> YOUR ASSIGNMENT
Retype the entries exactly, keeping every line intact.

*** RECORDED DATA ***

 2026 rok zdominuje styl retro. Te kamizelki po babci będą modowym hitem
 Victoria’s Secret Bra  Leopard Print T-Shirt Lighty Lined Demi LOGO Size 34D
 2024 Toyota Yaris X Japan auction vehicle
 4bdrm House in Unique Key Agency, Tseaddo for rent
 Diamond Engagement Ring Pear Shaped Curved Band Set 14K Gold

*** End of RECORDED DATA ***

> RESULT FOR THIS TASK
 2026 rok zdominuje styl retro. Te kamizelki po babci będą modowym hitem
 Victoria’s Secret Bra  Leopard Print T-Shirt Lighty Lined Demi LOGO Size 34D
 2024 Toyota Yaris X Japan auction vehicle
 4bdrm House in Unique Key Agency, Tseaddo for rent
 Diamond Engagement Ring Pear Shaped Curved Band Set 14K Gold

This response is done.